Di particolare interesse risulta poi la questione affrontata dal Tribunale in ordine all’aver il lavoratore impropriamente utilizzato e posseduto sine titulo, della documentazione sanitaria della Struttura (precisamente un consenso informato), che aveva tentato di produrre in occasione di una audizione effettuata per un’altra contestazione, ciò con grave violazione del diritto alla privacy e alla riservatezza dei dati sanitari.
La documentazione fotocopiata dal ricorrente riportava infatti “dati sensibili”, ossia quei dati idonei a rivelare lo stato di salute dell'interessato che potevano essere trattati col consenso scritto dell'interessato e previa autorizzazione del Garante. O comunque il trattamento poteva essere consentito solo ove la situazione giuridicamente rilevante che si intendeva tutelare con la richiesta di accesso ai documenti amministrativi (mai effettuata) fosse stata di rango almeno pari ai diritti dell’interessato, ovvero consiste in un diritto della personalità o in un altro diritto o libertà fondamentale e inviolabile. Tra l’altro, in tema di documenti con dati sensibili, è fatto obbligo al medico di adottare ogni precauzione per garantire il segreto anche quando la comunicazione è indirizzata ad autorità/enti.
Altro punto trattato dal Tribunale riguardava l’aver il lavoratore reiteratamente rinviato l’audizione da questi richiesta, adducendo patologie psicologiche, circostanza puntualmente contestata al predetto dall’azienda. La struttura che, nel frattempo, aveva sottoposto il dipendente ad indagini investigative (ritenute anch’esse legittime dal Giudice), aveva comunque appurato che lo stesso, tranne che durante le fasce di reperibilità, conduceva una vita sociale molto attiva.
Il Giudice, valutate globalmente detti aspetti, sul punto dichiarava: “deve dunque ritenersi che nell’affermare che il ricorrente ha prodotto una certificazione medica attestante uno stato morboso non idoneo a determinare uno stato di incapacità a presenziare agli incontri dallo stesso richiesti e più volte fissati dall’azienda, e quindi a giustificare l’assenza a detti incontri, l’azienda non ha detto nulla di inesatto; tant’è che in quei giorni, ….è pacificamente più volte uscito di casa – prestando peraltro evidente attenzione alle fasce di reperibilità - e lo ha fatto anche per incontrare amici, frequentare per più di due ore la palestra, trascorrere la Vigilia di Natale con la madre.
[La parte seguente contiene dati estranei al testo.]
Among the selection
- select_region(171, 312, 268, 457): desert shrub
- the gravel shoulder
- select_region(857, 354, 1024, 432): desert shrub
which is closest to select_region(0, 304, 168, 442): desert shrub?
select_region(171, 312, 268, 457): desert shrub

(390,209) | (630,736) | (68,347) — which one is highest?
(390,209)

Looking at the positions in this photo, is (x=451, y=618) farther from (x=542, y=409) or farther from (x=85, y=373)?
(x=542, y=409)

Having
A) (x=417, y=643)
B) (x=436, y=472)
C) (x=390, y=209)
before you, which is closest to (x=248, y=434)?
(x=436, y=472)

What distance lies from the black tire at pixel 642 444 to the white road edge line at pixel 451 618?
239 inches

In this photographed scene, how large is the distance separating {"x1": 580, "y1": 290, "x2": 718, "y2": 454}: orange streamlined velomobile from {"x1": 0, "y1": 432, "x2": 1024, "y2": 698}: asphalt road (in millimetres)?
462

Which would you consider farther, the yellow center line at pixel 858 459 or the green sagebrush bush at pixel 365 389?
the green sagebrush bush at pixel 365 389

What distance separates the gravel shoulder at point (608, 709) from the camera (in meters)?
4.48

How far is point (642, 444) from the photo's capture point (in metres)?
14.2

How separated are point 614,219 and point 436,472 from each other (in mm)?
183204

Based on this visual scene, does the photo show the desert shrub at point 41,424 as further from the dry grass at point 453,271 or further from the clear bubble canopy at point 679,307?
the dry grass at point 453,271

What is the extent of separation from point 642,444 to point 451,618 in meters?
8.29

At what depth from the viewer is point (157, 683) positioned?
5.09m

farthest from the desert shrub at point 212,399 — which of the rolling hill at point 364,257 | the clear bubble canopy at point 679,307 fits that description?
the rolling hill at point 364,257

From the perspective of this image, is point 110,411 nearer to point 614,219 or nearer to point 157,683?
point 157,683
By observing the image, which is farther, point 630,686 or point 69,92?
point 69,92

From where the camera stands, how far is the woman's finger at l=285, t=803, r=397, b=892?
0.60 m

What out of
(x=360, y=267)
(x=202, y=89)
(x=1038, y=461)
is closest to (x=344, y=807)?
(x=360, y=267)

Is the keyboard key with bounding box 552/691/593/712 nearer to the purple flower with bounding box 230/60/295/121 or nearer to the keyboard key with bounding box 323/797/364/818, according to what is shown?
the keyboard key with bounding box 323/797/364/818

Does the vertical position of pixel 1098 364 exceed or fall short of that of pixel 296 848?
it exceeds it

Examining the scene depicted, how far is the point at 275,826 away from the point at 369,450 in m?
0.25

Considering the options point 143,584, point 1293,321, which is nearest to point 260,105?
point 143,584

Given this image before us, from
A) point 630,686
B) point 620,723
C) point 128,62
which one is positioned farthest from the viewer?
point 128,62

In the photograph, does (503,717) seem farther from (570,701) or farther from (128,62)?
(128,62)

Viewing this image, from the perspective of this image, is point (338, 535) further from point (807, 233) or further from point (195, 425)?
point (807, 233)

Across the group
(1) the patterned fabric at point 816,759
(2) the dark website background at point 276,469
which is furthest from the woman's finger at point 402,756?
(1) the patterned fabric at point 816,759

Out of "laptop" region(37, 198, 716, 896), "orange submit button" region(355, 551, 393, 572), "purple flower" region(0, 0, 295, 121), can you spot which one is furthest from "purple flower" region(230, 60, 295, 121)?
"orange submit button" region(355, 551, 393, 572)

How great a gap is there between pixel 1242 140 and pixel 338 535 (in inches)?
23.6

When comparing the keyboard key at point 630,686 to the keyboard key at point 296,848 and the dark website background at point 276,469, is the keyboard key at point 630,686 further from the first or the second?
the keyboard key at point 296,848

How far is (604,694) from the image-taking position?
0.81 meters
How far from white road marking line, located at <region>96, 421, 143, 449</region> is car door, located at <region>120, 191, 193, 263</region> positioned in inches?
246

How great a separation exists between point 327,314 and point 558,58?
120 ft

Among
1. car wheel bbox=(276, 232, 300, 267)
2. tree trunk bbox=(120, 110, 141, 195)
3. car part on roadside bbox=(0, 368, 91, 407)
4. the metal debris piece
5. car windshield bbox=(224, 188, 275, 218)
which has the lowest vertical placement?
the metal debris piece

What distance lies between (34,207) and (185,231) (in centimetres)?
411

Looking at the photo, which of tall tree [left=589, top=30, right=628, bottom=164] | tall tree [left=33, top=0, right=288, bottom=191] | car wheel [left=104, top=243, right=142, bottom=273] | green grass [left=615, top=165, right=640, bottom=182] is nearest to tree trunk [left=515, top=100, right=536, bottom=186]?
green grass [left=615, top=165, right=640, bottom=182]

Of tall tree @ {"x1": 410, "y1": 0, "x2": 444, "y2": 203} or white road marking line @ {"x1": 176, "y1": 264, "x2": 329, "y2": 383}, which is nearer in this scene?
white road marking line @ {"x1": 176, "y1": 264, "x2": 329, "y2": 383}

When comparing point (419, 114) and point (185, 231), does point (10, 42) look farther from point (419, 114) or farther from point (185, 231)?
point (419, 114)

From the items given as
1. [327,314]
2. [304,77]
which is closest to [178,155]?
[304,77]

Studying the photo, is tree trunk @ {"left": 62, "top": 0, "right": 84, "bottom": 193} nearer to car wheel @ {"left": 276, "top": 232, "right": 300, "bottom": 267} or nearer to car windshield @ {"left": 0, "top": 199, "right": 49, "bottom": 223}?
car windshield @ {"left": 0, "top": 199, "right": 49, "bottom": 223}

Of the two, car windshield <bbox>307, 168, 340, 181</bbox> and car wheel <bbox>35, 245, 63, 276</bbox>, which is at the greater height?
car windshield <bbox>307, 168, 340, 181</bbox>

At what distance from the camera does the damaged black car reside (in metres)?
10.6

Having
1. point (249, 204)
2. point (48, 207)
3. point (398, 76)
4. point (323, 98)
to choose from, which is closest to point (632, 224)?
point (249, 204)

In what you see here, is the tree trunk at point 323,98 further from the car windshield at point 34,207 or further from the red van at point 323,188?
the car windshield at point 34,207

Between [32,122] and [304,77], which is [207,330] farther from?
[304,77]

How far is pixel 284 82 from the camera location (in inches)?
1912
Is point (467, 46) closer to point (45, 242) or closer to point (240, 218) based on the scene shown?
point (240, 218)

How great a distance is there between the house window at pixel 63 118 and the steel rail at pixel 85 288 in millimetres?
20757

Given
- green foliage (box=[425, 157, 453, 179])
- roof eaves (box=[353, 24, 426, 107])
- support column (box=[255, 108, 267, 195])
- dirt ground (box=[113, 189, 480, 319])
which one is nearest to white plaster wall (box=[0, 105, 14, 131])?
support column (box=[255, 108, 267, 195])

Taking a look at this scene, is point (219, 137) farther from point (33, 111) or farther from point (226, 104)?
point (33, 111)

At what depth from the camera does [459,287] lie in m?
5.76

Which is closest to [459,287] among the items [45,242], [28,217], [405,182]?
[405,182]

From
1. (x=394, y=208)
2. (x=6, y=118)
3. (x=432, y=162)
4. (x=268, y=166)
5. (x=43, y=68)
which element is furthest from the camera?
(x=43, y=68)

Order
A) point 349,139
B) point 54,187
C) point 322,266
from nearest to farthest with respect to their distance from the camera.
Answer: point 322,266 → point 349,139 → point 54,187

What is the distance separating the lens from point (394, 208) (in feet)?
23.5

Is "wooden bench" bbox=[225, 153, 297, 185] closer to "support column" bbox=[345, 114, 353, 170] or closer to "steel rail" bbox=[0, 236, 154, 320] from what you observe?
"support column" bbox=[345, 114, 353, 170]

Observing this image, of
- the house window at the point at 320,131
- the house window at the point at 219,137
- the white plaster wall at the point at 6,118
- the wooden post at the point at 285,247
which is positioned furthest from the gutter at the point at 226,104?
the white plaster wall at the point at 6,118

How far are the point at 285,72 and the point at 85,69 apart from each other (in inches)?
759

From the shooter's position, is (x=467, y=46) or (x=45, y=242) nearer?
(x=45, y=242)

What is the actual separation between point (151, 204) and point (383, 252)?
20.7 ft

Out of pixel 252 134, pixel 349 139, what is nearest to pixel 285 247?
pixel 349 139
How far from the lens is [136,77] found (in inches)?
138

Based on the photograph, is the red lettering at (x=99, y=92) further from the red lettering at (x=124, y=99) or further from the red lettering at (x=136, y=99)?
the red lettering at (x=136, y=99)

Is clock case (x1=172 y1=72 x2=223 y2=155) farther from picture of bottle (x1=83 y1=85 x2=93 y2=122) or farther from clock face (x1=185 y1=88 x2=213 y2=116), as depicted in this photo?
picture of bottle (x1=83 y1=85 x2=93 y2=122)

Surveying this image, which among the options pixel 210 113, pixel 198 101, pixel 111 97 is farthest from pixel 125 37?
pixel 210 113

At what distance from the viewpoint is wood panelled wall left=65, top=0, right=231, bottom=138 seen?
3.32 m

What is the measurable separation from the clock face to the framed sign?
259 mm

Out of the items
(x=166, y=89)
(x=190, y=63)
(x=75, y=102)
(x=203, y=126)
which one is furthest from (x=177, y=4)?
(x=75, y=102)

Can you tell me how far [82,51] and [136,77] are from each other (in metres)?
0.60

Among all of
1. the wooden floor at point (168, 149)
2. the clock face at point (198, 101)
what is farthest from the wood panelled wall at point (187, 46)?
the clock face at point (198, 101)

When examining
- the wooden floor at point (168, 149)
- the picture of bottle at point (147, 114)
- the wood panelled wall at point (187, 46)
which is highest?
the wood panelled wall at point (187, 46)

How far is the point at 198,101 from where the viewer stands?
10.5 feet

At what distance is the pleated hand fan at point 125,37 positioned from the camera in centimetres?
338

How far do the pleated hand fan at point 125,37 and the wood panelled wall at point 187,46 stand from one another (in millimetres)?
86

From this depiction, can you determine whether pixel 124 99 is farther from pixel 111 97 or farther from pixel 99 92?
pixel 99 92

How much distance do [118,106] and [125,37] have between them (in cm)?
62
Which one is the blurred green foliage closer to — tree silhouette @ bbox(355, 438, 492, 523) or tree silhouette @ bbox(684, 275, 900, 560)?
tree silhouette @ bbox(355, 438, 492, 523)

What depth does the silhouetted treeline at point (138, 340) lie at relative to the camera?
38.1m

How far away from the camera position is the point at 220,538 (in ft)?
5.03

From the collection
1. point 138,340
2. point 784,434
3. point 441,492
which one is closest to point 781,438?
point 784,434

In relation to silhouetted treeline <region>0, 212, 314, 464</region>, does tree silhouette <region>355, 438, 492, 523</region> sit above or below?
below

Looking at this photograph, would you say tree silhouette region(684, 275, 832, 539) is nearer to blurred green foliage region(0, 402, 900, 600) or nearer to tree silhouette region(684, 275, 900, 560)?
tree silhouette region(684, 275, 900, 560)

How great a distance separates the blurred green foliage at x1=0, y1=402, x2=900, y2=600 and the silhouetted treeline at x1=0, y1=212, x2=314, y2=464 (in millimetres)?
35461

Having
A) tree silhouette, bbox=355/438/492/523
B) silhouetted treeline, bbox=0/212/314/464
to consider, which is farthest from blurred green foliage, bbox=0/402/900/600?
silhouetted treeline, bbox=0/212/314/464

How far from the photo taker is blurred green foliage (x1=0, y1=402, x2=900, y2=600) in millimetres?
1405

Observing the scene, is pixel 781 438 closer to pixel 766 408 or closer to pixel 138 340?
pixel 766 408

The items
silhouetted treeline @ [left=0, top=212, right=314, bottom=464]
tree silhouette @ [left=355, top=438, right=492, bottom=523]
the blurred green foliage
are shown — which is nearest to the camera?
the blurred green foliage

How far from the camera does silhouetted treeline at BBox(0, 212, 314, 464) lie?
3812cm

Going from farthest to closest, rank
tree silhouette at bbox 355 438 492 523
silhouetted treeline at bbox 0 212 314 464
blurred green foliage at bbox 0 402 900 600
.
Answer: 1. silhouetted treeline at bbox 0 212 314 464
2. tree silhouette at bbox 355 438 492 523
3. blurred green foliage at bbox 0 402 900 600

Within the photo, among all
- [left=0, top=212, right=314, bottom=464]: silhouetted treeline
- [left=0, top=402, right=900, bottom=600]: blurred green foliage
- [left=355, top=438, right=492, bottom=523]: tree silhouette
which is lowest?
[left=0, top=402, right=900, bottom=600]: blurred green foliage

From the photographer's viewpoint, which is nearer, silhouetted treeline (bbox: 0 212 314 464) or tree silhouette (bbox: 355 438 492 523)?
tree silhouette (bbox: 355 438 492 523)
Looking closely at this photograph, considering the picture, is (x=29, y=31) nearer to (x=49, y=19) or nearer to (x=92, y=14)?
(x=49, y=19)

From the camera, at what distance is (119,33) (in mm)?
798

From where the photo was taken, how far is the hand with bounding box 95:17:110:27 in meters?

In effetti, non si pone quindi un problema di veridicità o meno dei certificati medici allegati con riferimento allo stato morboso riscontrato dal medico…,, ma a stessa certificazione…non appare affatto sufficiente a documentare in maniera idonea l’impossibilità per…. – anche alla luce della riscontrata, evidente attitudine dello stesso a condurre una vita sociale più che normale anche nei giorni interessati dallo stato morboso – a presenziare all’incontro per l’audizione disciplinare”.
Il Tribunale riteneva dunque detti rinvii puramente dilatori e strumentali.
Il decreto, preso atto della piena legittimità delle contestazioni, riguardanti – oltre a quelle citate - anche assenze a visite fiscali, concludeva per la piena legittimità dell’impugnata risoluzione evidenziando che “la valutazione della gravità dell’illecito (cui deve proporzionarsi la sanzione) deve anche rapportarsi alla qualità, all’importanza delle mansioni svolte dal lavoratore, essendo il giudizio di valore più negativo per i soggetti in elevata posizione funzionale che non per chi svolge funzioni meramente esecutive, nel quadro generale dell’organizzazione dell’azienda” (cfr. ex plurimis, Cass. 9.5.96 n. 4328), per cui una infrazione “modesta” operata da un dipendente d’ordine assumeva senz’altro il carattere della gravità se posta in essere da chi ricopriva un ruolo apicale.